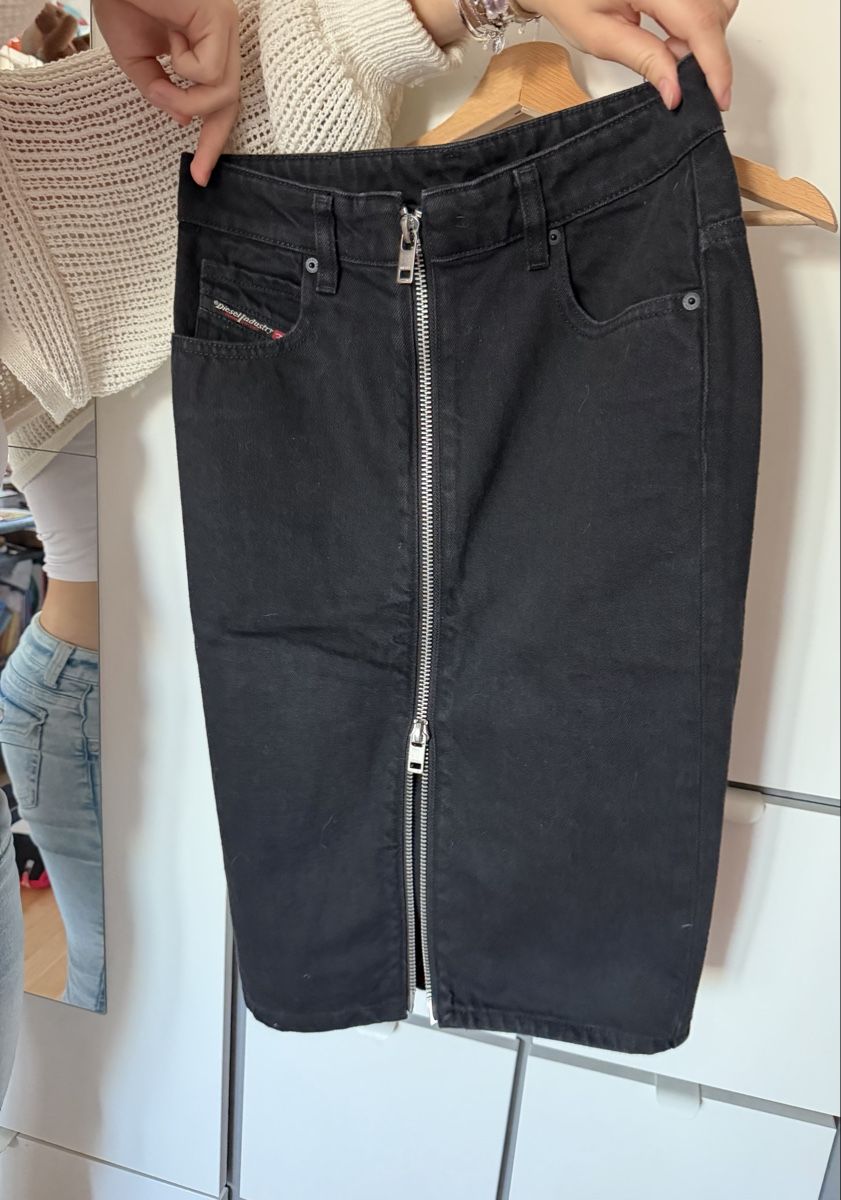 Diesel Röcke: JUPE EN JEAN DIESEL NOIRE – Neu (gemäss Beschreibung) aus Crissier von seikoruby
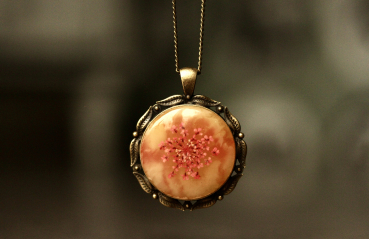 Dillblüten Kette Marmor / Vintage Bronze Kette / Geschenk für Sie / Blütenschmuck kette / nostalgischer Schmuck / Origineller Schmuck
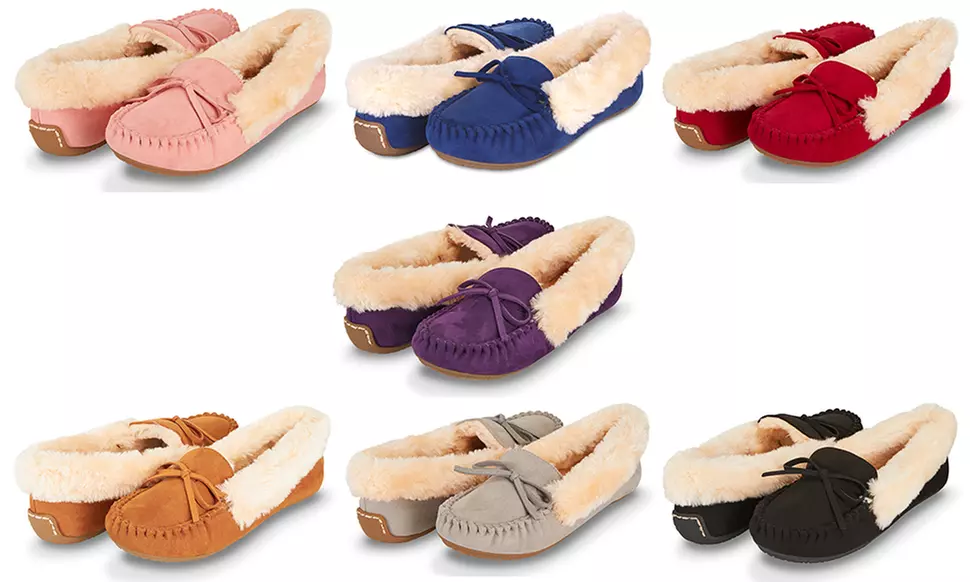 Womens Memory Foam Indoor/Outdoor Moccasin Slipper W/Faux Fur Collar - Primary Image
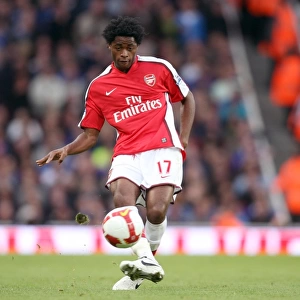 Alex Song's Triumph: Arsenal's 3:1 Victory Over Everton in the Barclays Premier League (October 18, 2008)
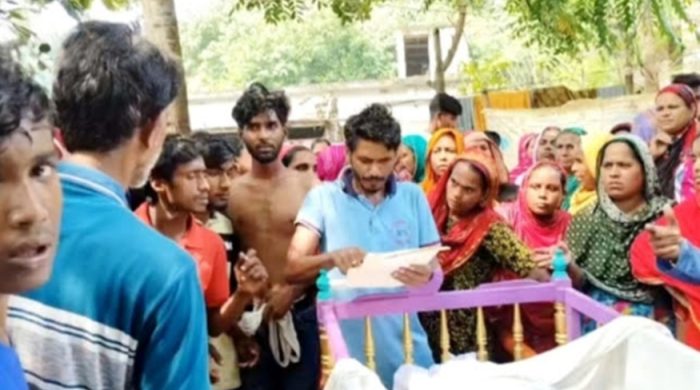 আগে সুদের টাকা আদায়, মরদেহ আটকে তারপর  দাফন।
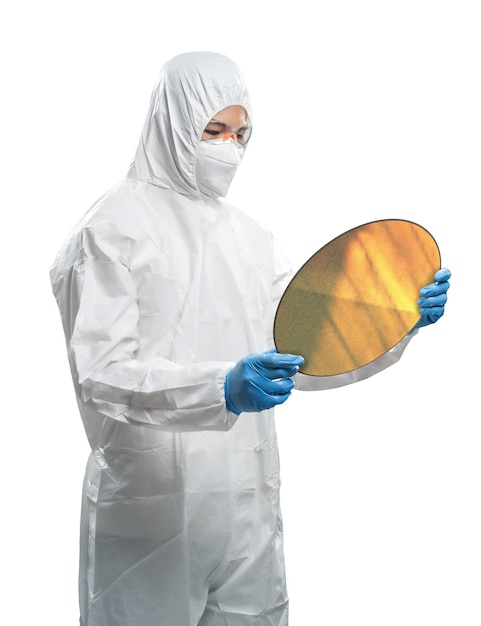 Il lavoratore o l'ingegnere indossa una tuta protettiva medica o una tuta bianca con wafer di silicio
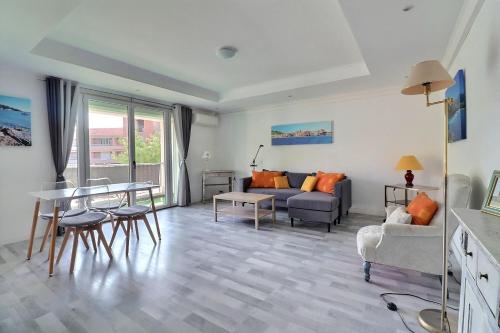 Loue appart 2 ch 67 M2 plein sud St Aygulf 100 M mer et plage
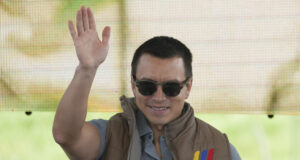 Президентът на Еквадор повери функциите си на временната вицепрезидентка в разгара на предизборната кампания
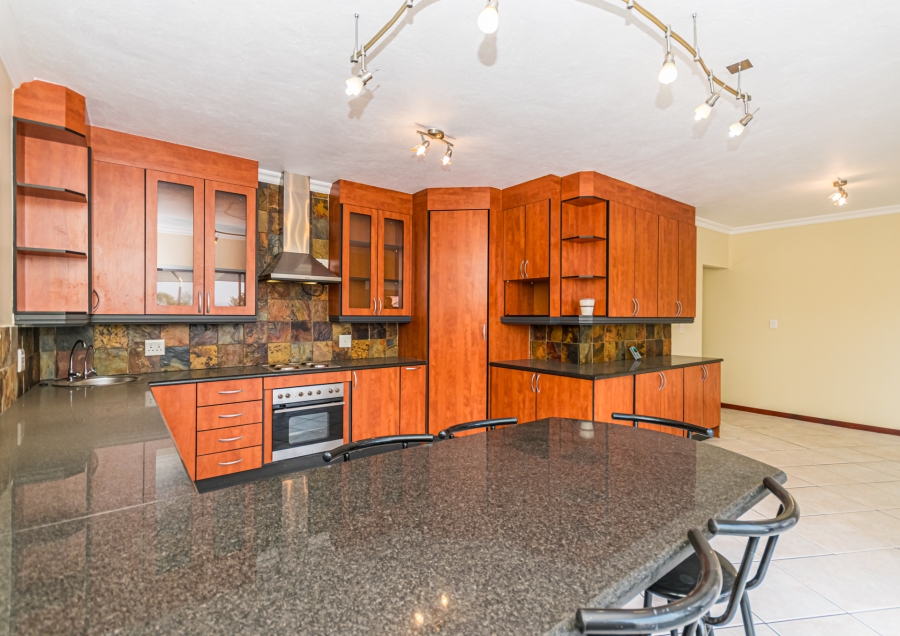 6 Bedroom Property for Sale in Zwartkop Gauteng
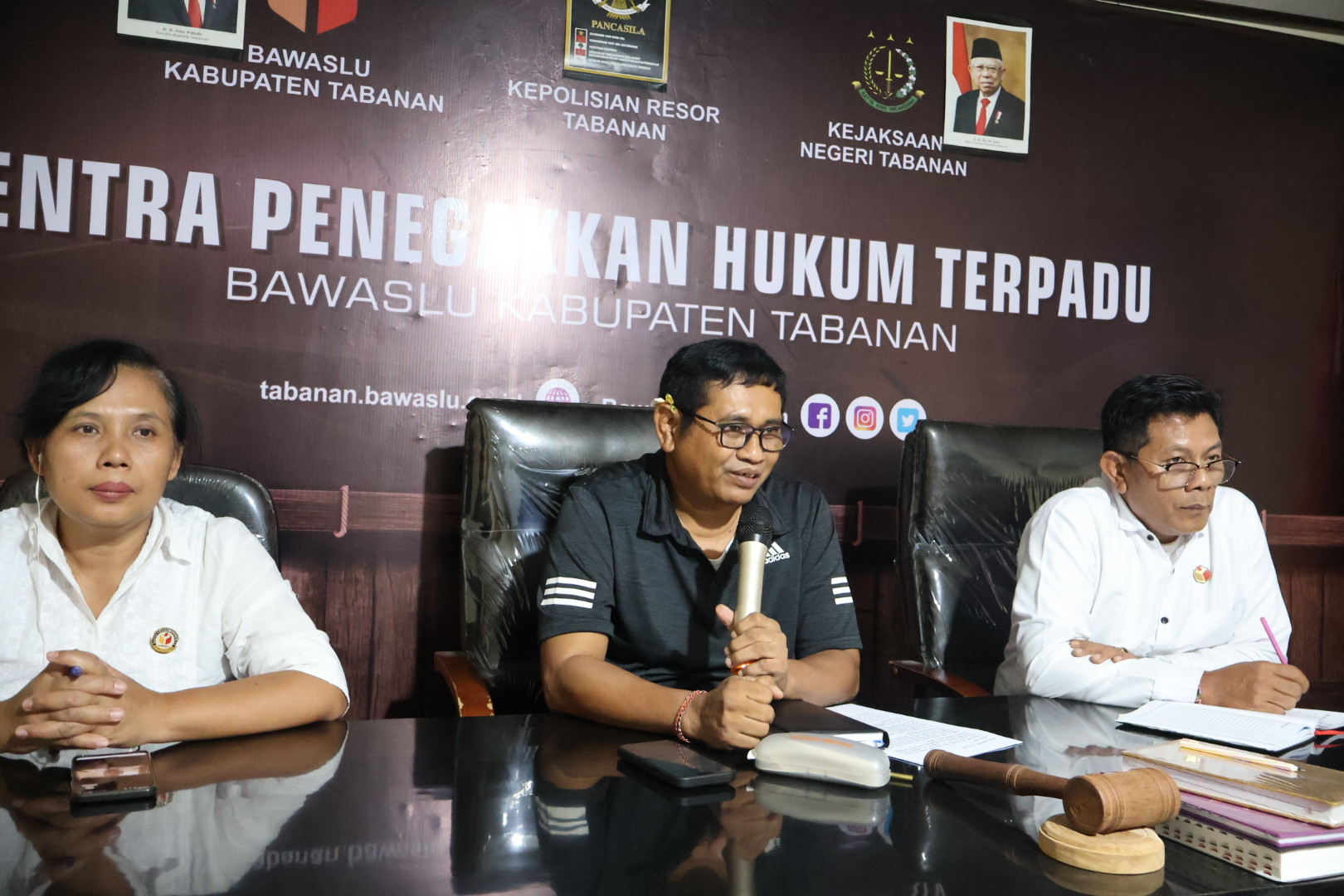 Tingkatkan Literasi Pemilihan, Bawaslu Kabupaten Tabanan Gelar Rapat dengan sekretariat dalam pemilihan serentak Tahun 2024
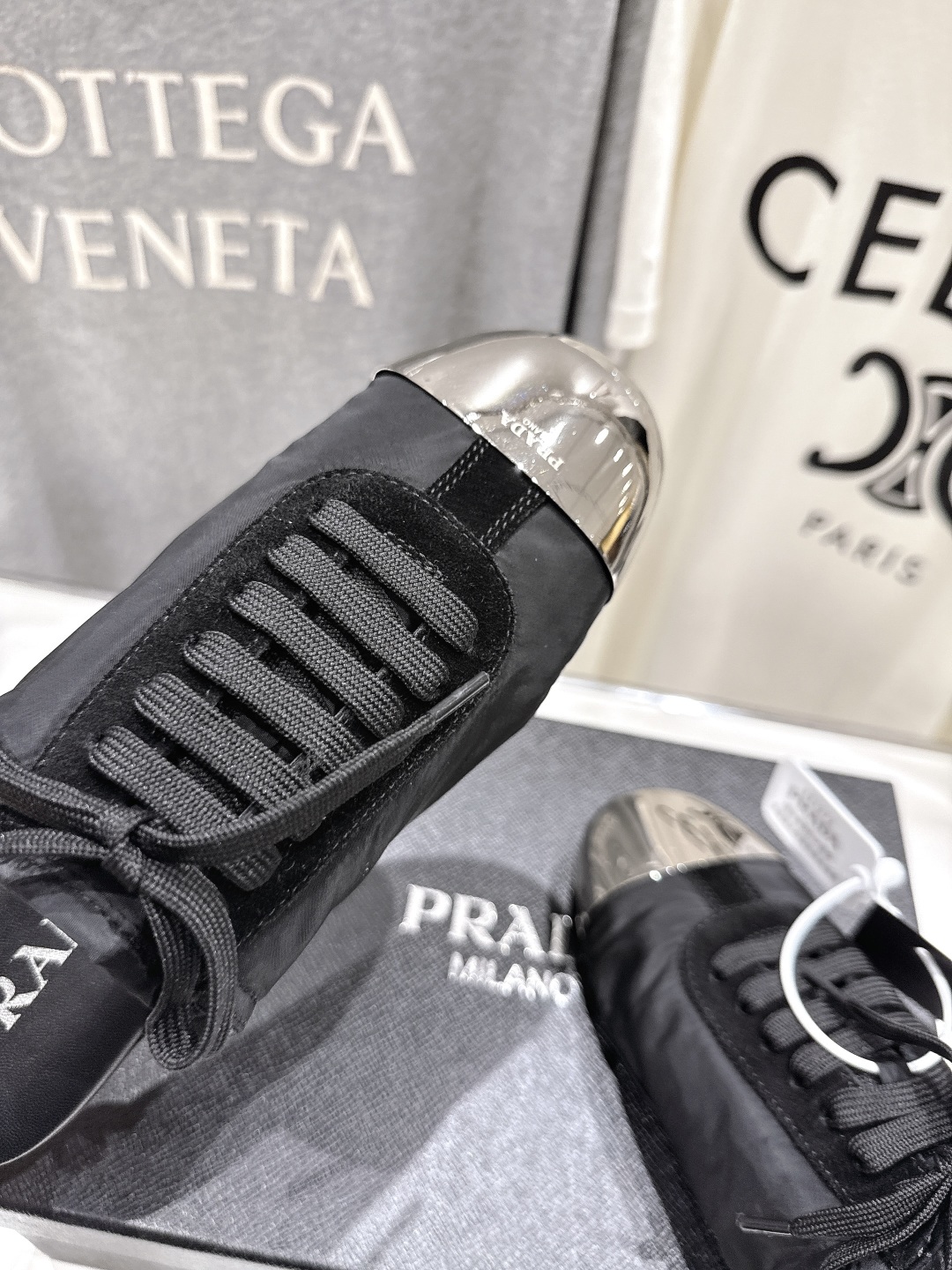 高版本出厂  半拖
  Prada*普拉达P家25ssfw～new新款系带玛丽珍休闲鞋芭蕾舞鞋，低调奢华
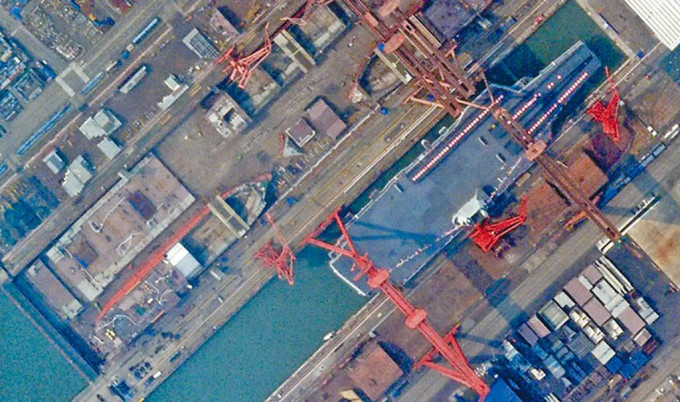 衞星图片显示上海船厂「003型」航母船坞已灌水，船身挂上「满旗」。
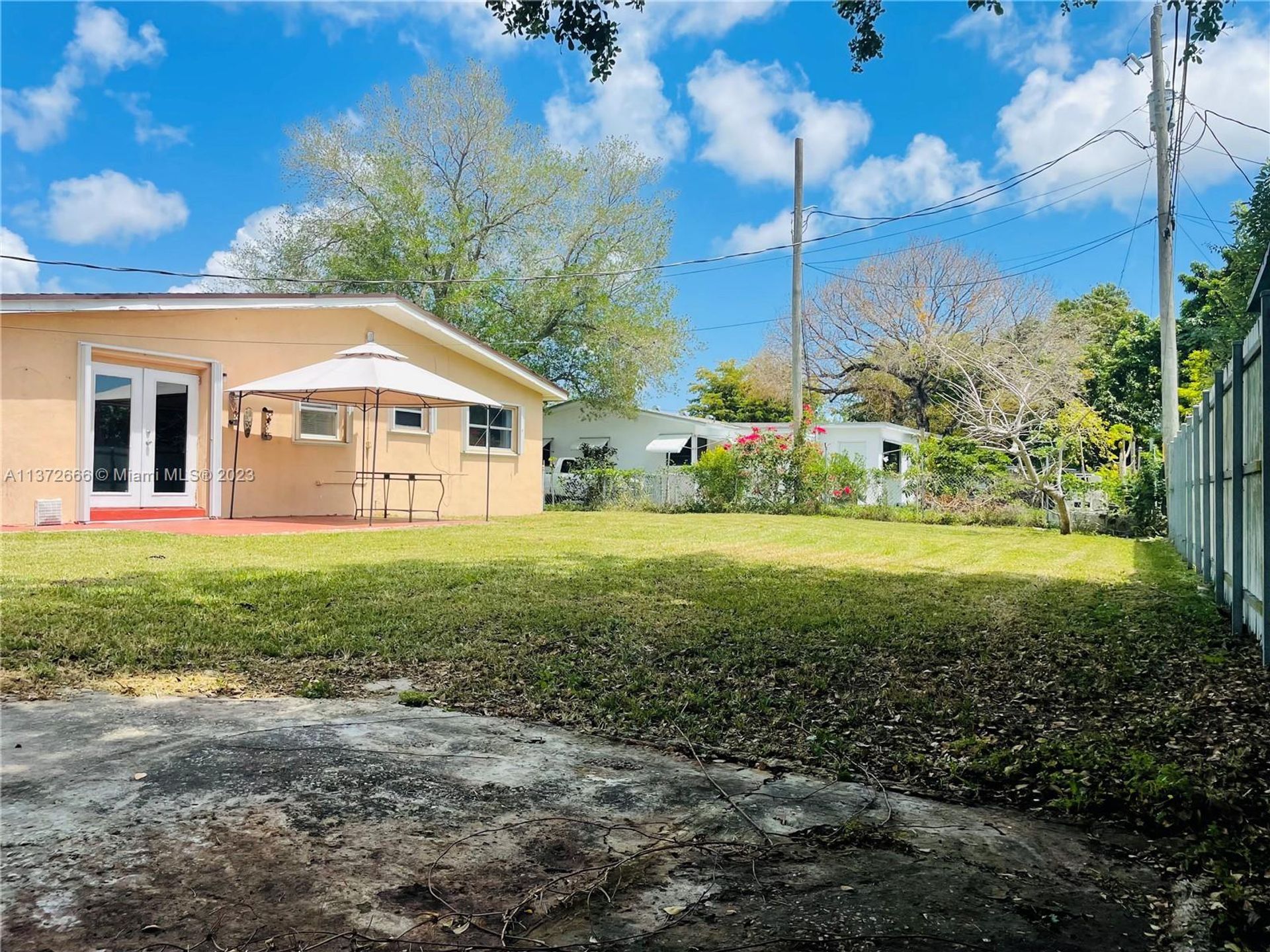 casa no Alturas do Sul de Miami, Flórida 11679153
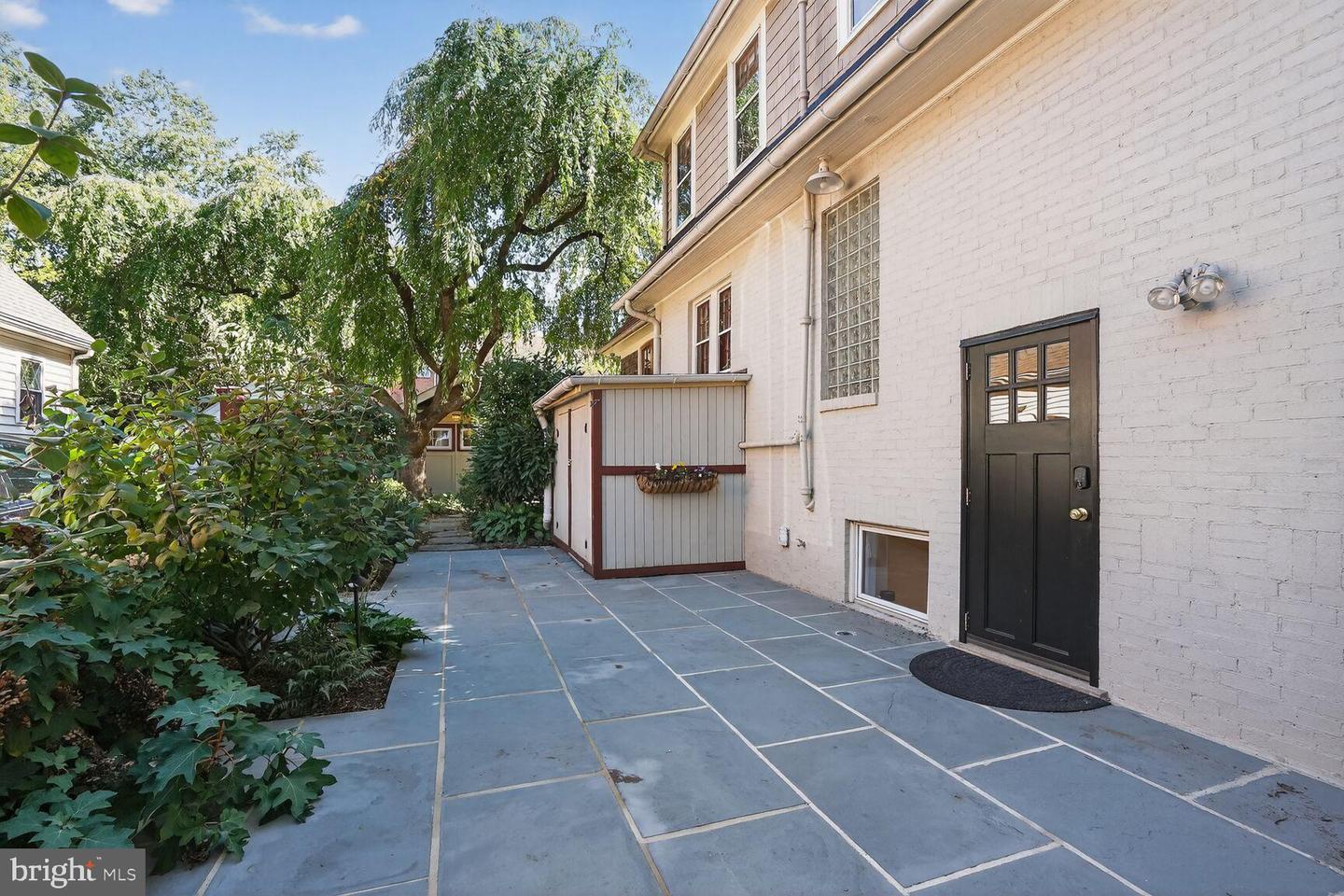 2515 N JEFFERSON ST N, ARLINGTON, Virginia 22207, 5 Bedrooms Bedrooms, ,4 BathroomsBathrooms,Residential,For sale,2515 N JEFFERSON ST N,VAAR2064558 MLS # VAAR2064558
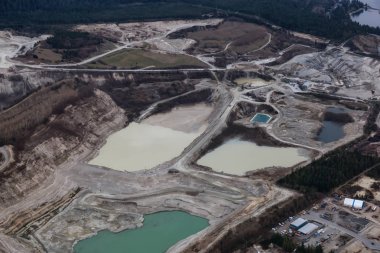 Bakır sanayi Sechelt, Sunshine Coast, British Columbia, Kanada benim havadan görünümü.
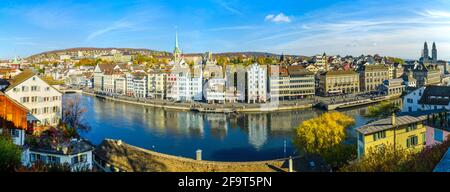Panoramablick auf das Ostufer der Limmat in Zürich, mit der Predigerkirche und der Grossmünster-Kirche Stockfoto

★ ★ ★ ★ ★

Write out again, exactly, each line from the one containing "Prada*普拉达P家25s" through the last line of the entries, and omit every picture.

Written response ->
  Prada*普拉达P家25ssfw～new新款系带玛丽珍休闲鞋芭蕾舞鞋，低调奢华
 衞星图片显示上海船厂「003型」航母船坞已灌水，船身挂上「满旗」。
 casa no Alturas do Sul de Miami, Flórida 11679153
 2515 N JEFFERSON ST N, ARLINGTON, Virginia 22207, 5 Bedrooms Bedrooms, ,4 BathroomsBathrooms,Residential,For sale,2515 N JEFFERSON ST N,VAAR2064558 MLS # VAAR2064558
 Bakır sanayi Sechelt, Sunshine Coast, British Columbia, Kanada benim havadan görünümü.
Panoramablick auf das Ostufer der Limmat in Zürich, mit der Predigerkirche und der Grossmünster-Kirche Stockfoto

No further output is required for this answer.